Beyond the locked gates, the five-story grandstand is separated from the fences by a garden courtyard of cobblestone walkways that meander through flower beds and enormous bronze statues of legendary prize horses. Behind the garden, the grandstand stretches a couple hundred yards long with floor to ceiling windows that run the length of the ground floor. A security guard emerges from the doors of the grandstand, stuffing a donut into his mouth with one hand and cupping a holstered pistol with the other. He looks out at the parking lot and sees all of us crowding the locked gates and yelling to get his attention. He drops the donut an
d runs towards us, brushing the crumbs from his graying, stubbled beard. Keeping his hand wrapped around the handle of his holstered revolver, he fumbles with a set of keys hooked to his belt loop.
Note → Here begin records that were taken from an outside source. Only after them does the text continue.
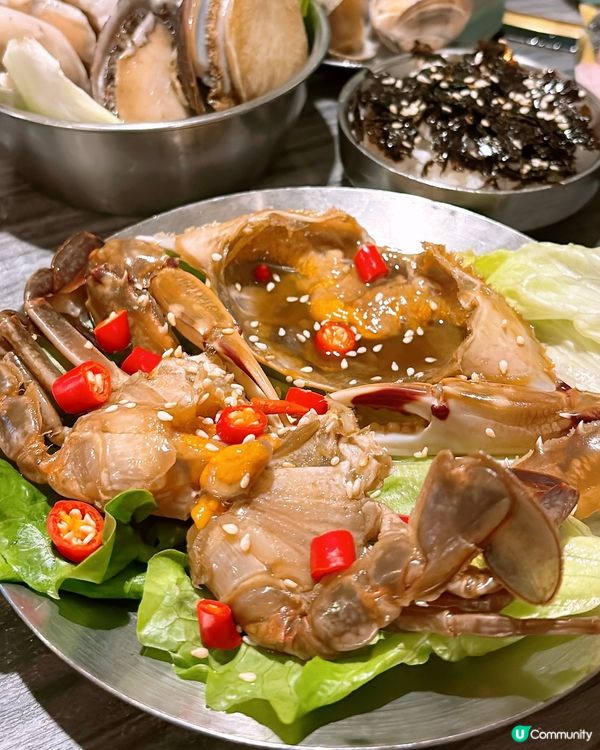 🎏旺角開餐🔥韓燒大叔⏰ 120分鐘無限任食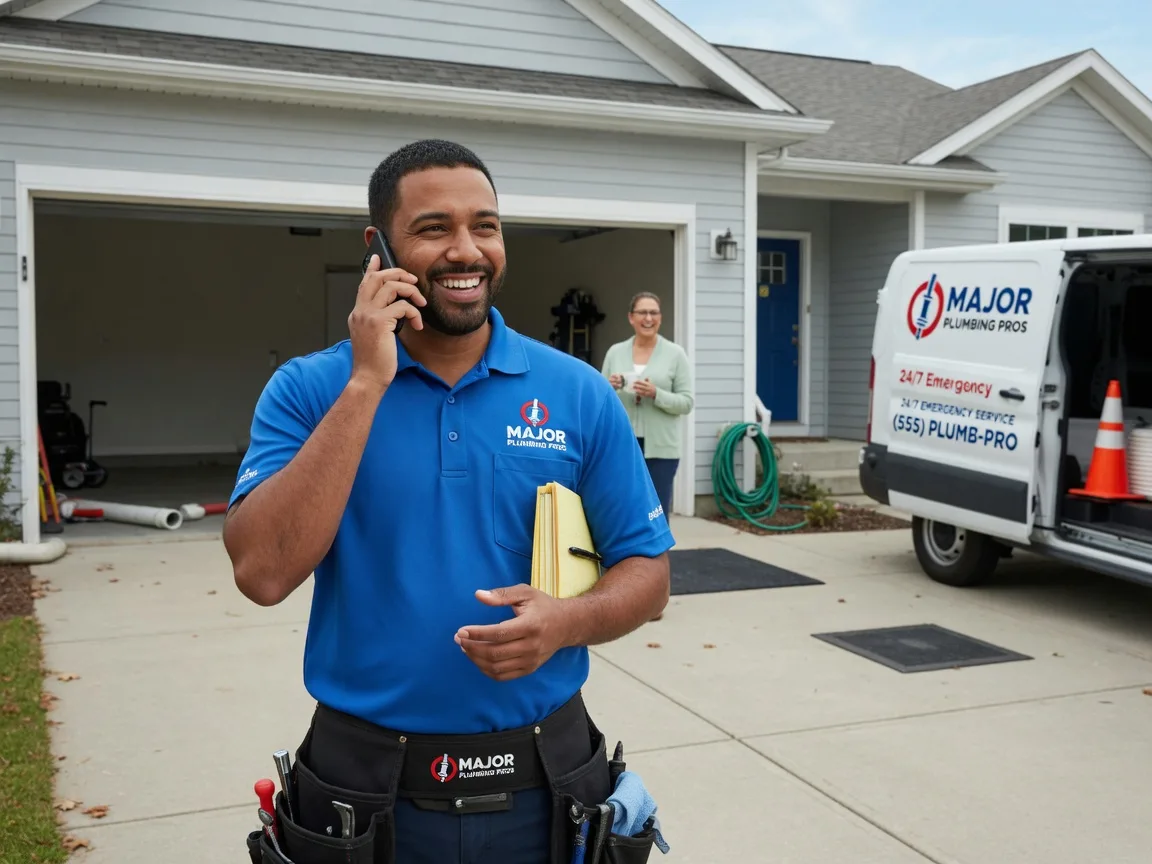 Drain Cleaning Services South Pasadena, CA FAQs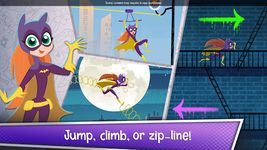 Screenshot 22 di DC Super Hero Girls Blitz apk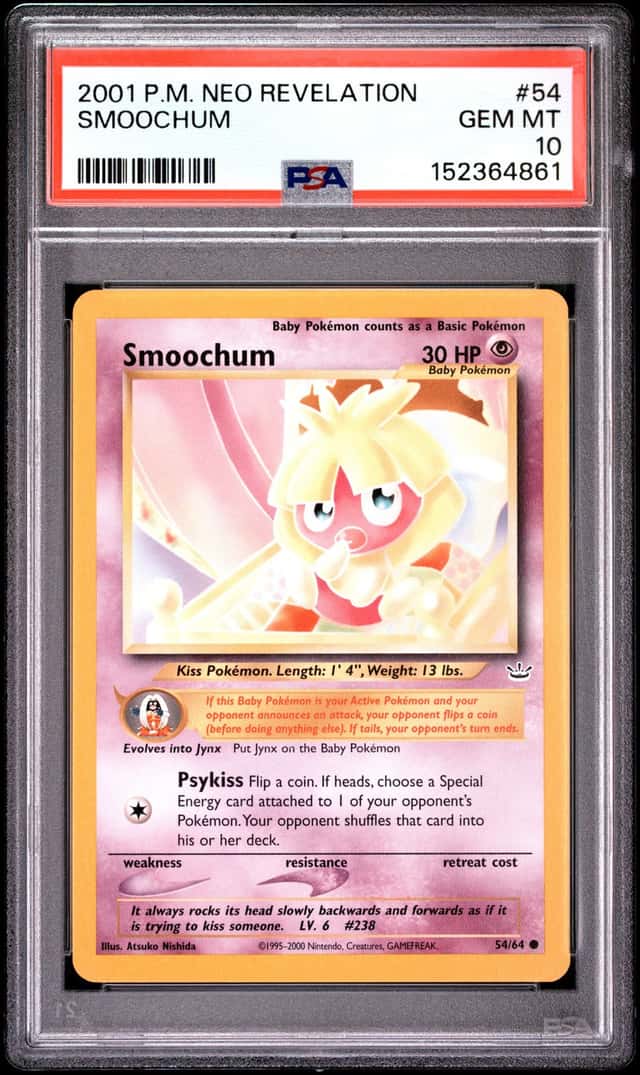 Smoochum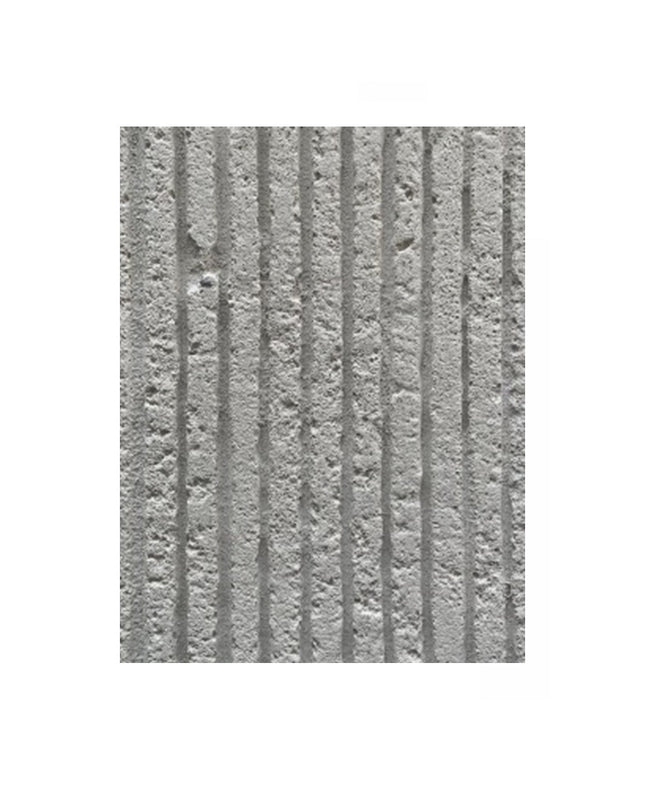 Wall Panel SQUARE LINE STONE — decorative acoustic wall panel, sound absorption by RODESIGNE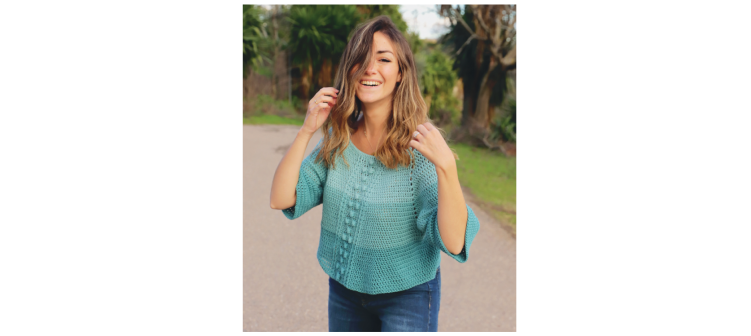 Crochet creativo. Diseñada por Susimiu. Nº 31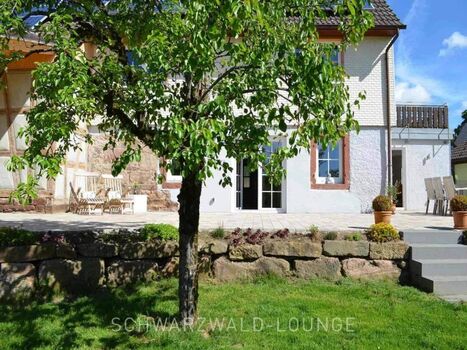 Garten und Außenanlnage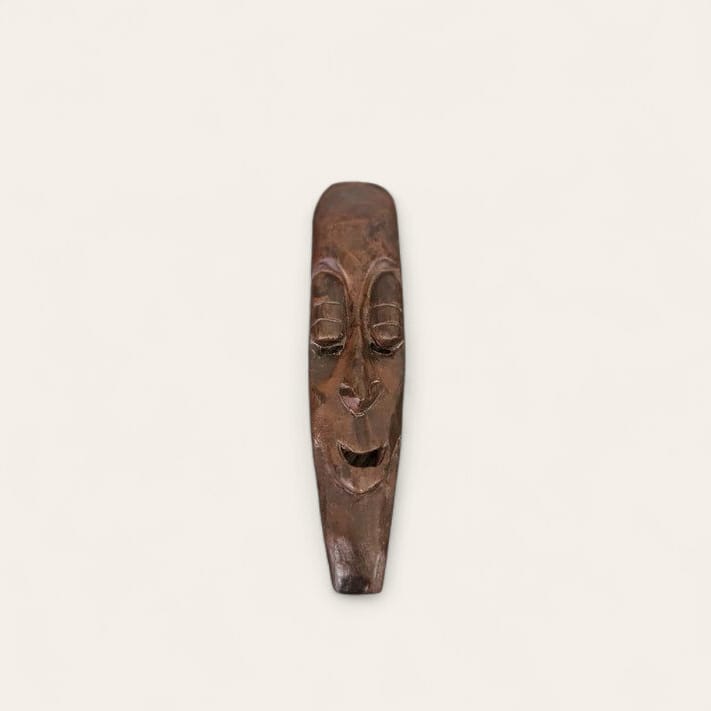 Wooden Mask Small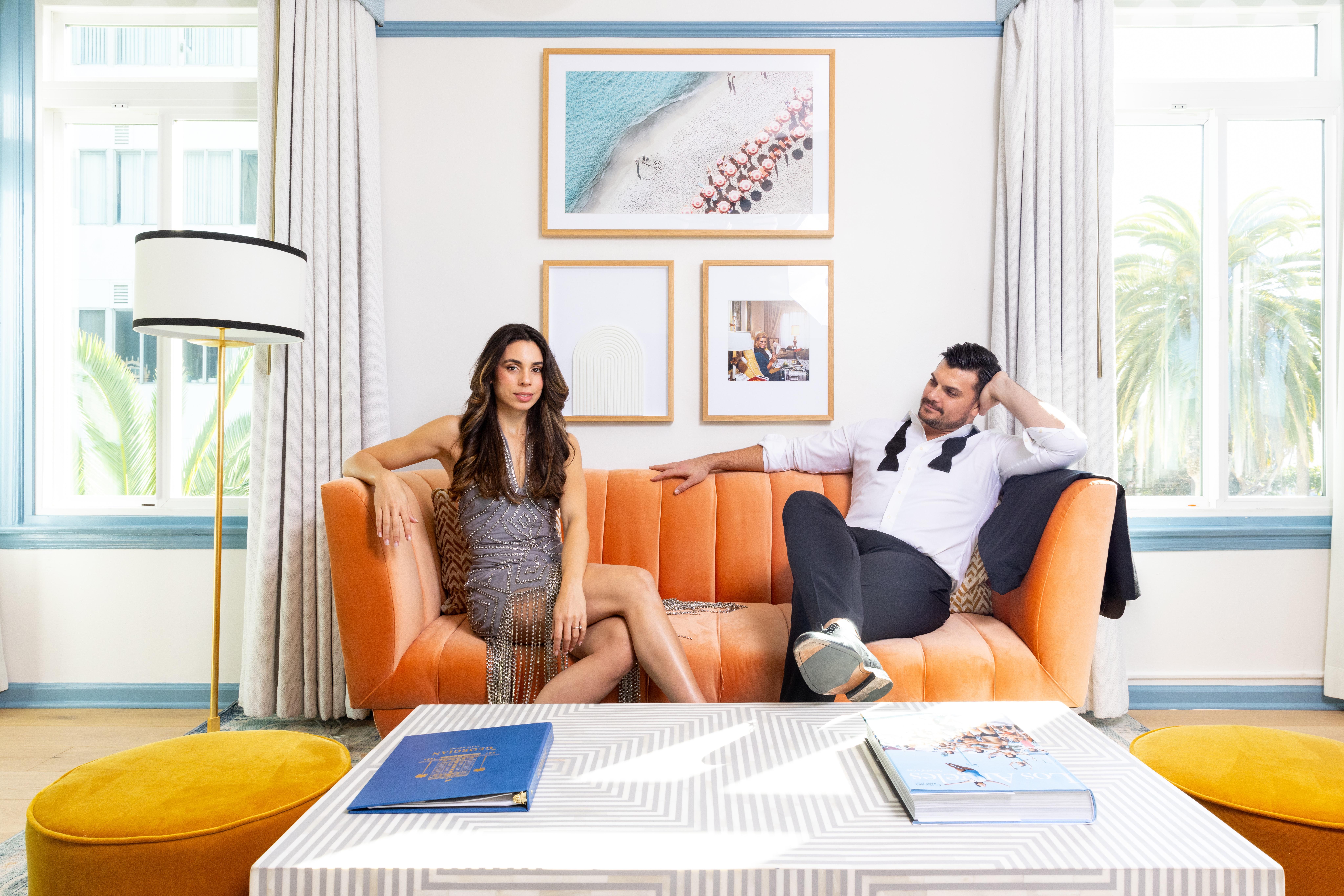 The Wedding Website of Natalia Leyva and Brett Wyman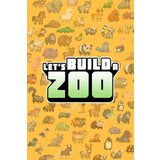 let's build a zoo (pc) steam key global  let's build a zoo (pc) steam key global Slike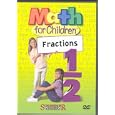Math for Children: Fractions by 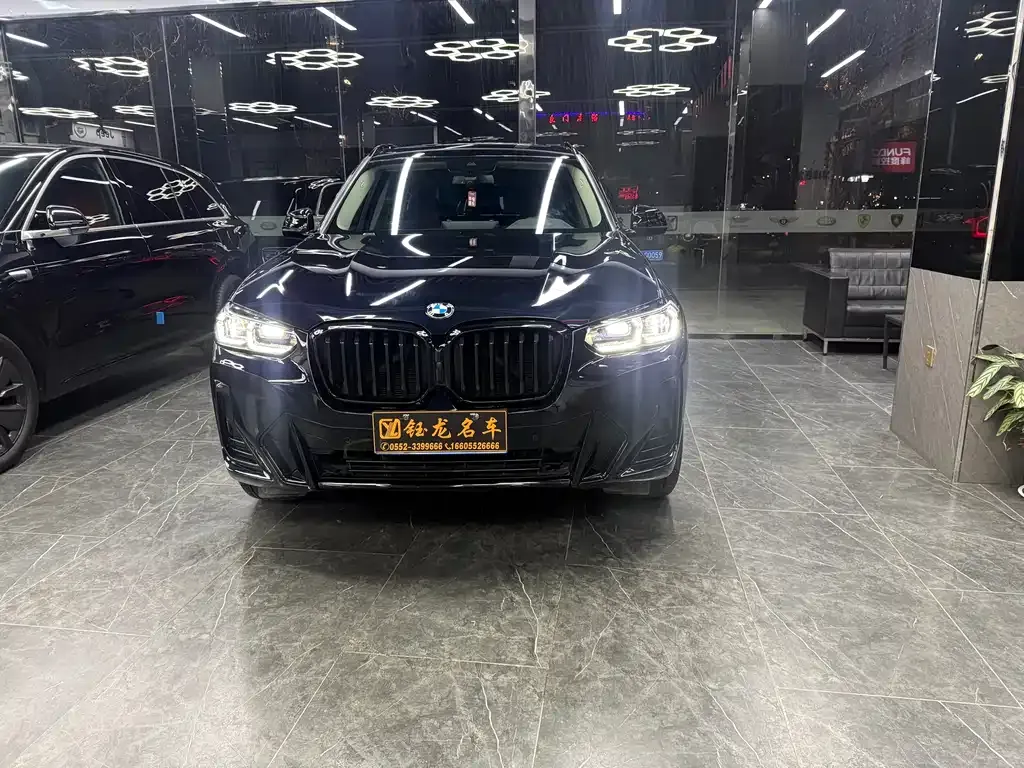 BMW X3 2023 из CN, фото 6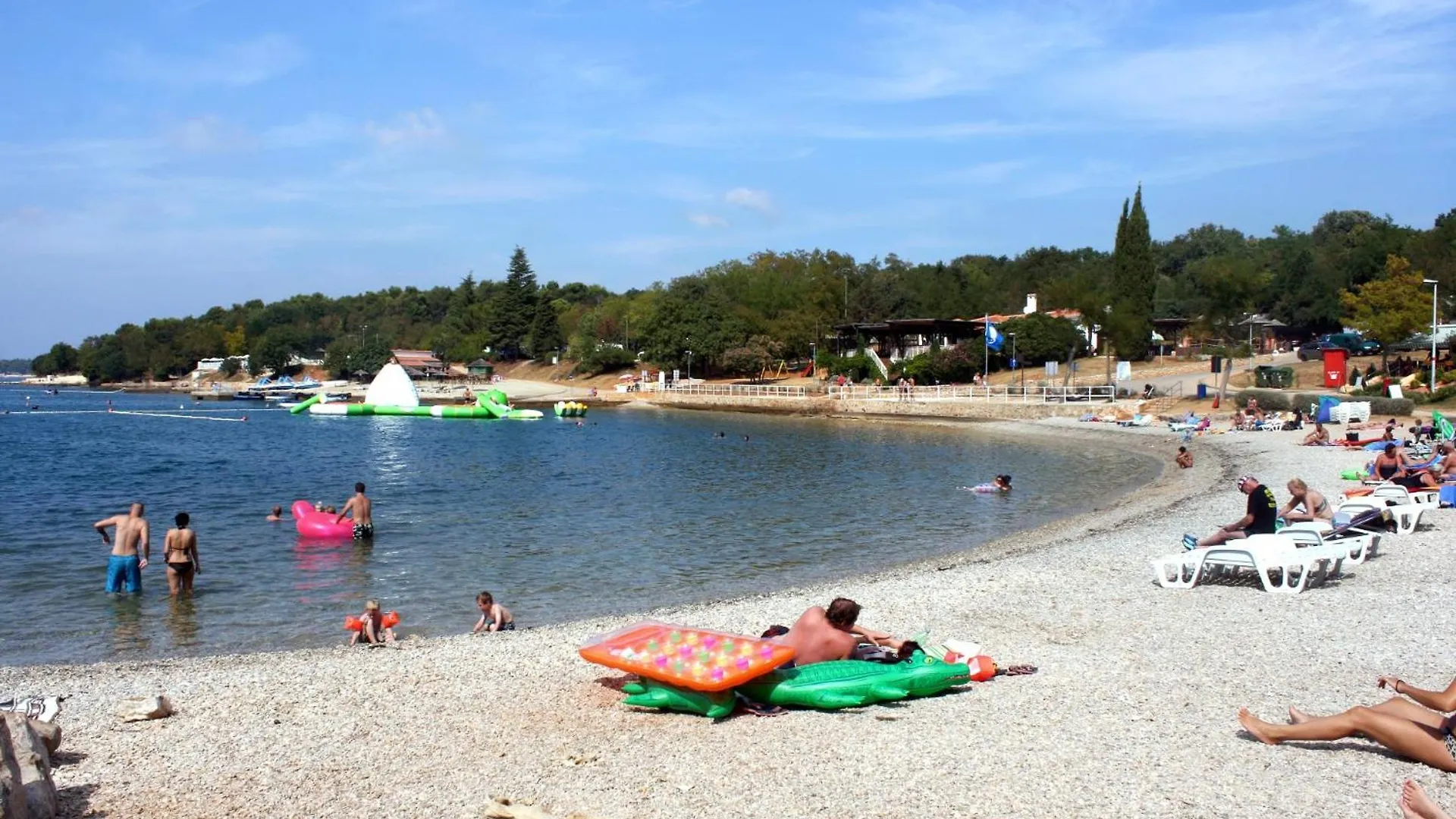 Family Friendly Apartments With A Swimming Pool Tar, Porec - 22756 Tar-Vabriga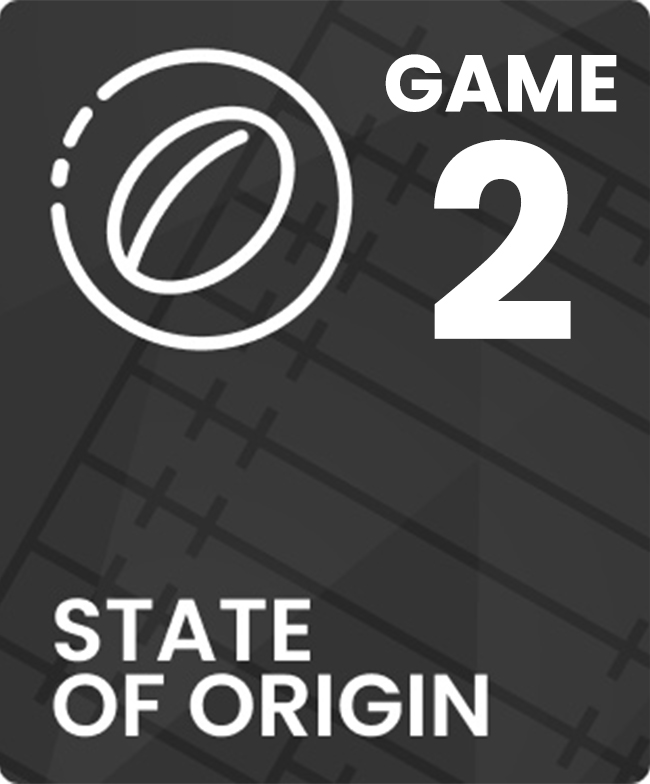 State of Origin Game 2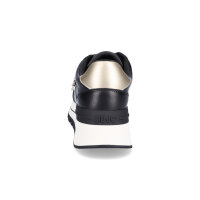 Liu Jo Damen Sneaker Amazing 41 schwarz metallic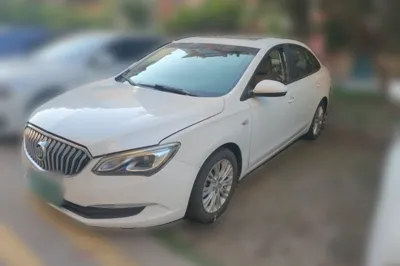 Buick GT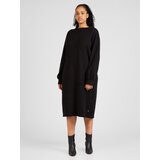 LIEBLINGSSTÜCK Pletena obleka 'Amera' črna | Shoptok.si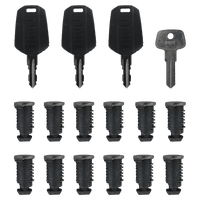 Thule lock set 4512 for all Thule products Thule lock set 4512 for all Thule products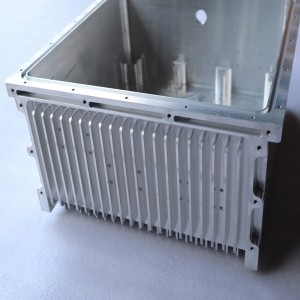 알루미늄 OEM CNC 가공 프로토 타입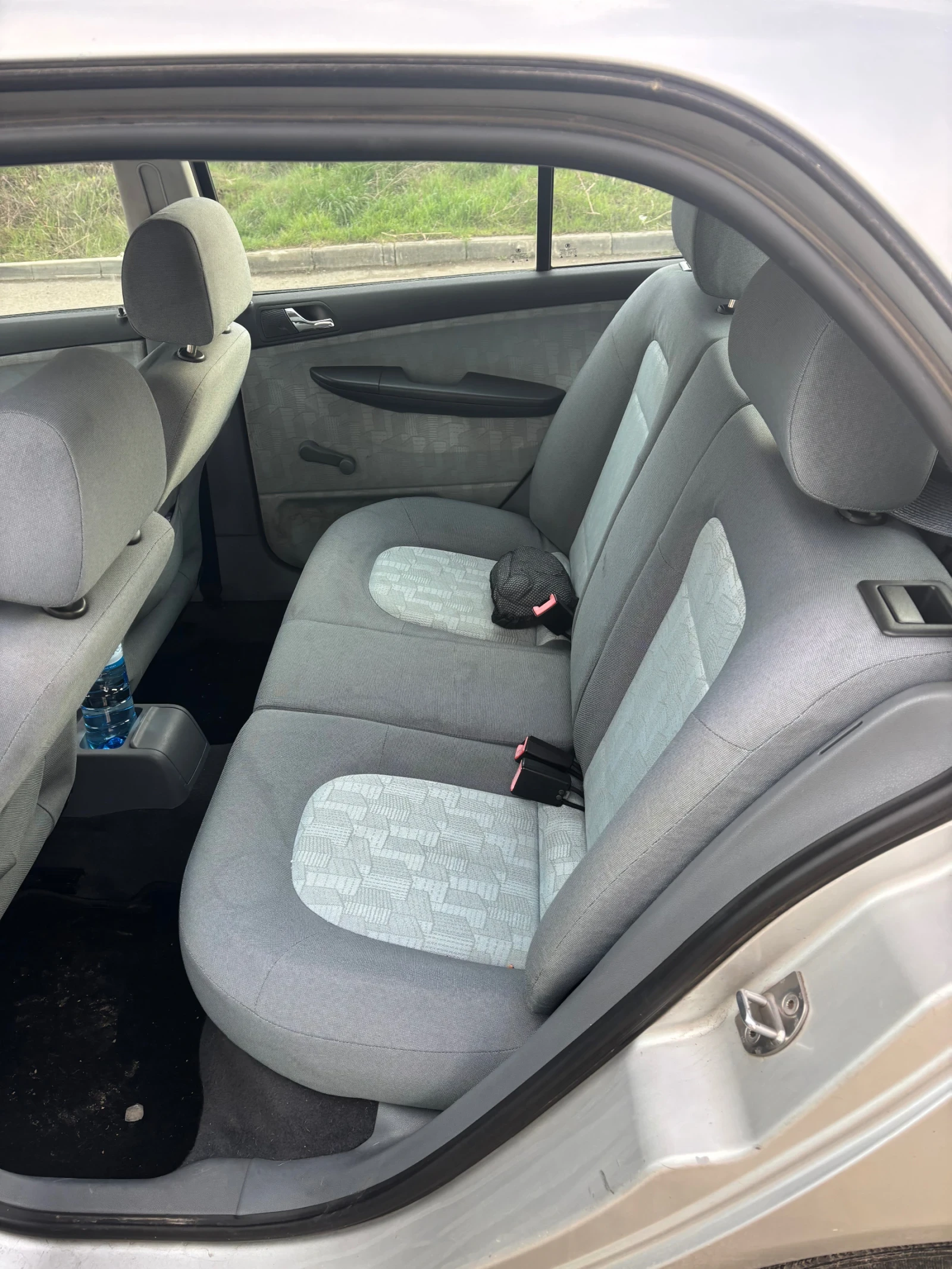 Skoda Fabia, снимка 6 - Автомобили и джипове - 55086644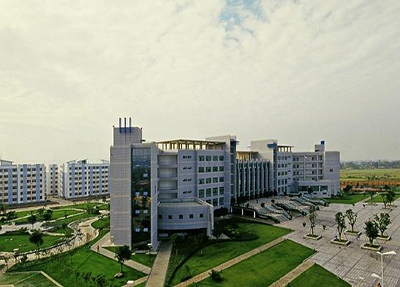 学校轮廓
“What the fuck is going on?” he demands, as he unlocks the gate for us. About thirty people push through the turnstiles and charge into the entryway behind us. The guard holds the door for a half dozen more still running in our direction.
“Who is doing all that shooting?” he asks me.
“Police,” I say. “At least some of it.”
“Are they okay?” he asks.
“I don’t know who is okay.” I shake my head.
A few more people come through the gate; the last one is a cop who is limping badly.
“Shut the goddamn gate,” the cop says, pointing his gun at the security guard.
There are still cars speeding through the parking lot. A man is standing on the roof of an SUV firing round after round at anything that moves. It’s hard to tell how many people are lying dead in the vast parking lot or how many are injured and struggling to move. Some people are still trying to make their way to the racetrack. From the entrance, it looks like a few people are on their knees, trying to help save someone who is bleeding on the ground. One person is trying to crawl here.
“Wait a minute,” I say to the cop. “There’s still people alive out there. They need help. We need to let them in. Can’t you call for backup or something?”
“Anyone still out there is as good as dead,” the cop says. “There is no backup to call.” He looks back at the security guard and says, “Shut the gates.”
The guard slides the gate closed. I look out at the parking lot then, at the people trudging slowly towards us in their torn clothes, drenched in blood.
I see the shooter on the SUV, who is now surrounded by thirty or forty people reaching their hands up to grab him. He runs out of bullets and they pull him off the car onto the ground. His body is swallowed up in a crowd of them.